**Dataset extract**:

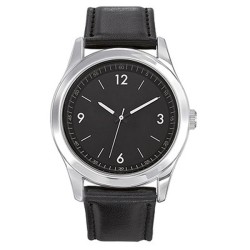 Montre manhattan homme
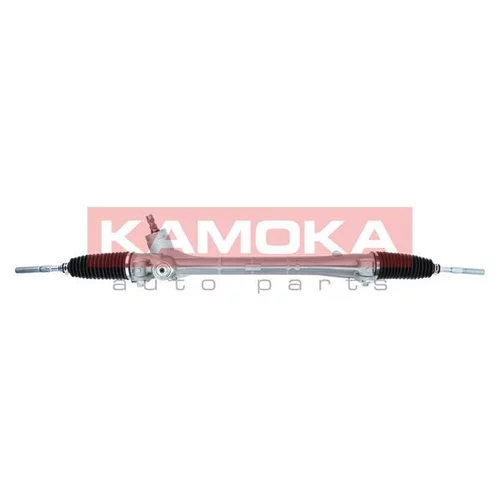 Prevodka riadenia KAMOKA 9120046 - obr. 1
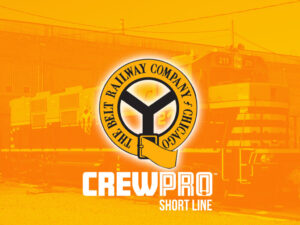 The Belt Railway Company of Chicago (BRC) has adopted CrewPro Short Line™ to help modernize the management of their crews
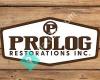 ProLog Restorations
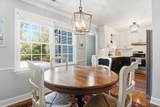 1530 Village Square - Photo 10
...
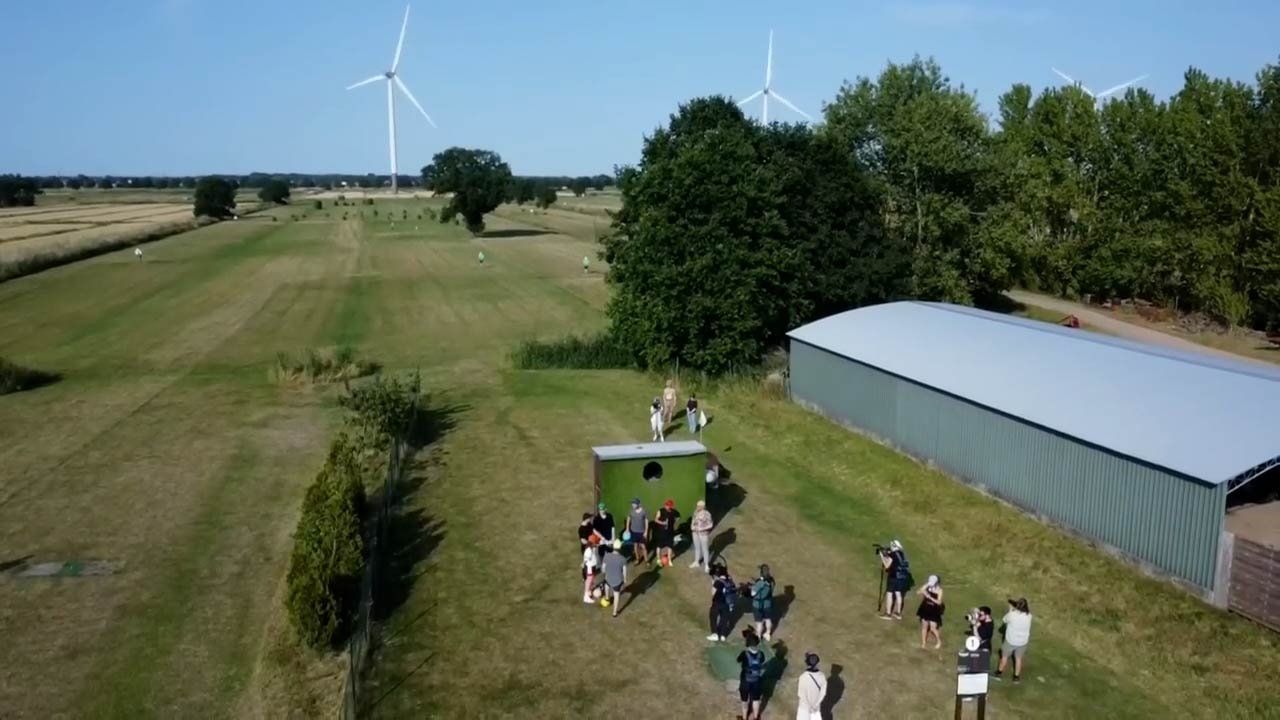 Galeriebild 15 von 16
--
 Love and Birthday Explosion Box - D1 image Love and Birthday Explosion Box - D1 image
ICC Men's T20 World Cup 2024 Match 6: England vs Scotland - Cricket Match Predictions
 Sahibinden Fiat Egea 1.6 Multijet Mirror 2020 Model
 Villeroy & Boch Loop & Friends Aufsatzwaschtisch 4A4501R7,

**Task prompt**:
Give again the lines of the listing above that run from the one with "ProLog Restorations" up to and including the one with "1530 Village Square - Photo 10". Keep them exact and omit the pictures.

**Your solution**:
 ProLog Restorations
 1530 Village Square - Photo 10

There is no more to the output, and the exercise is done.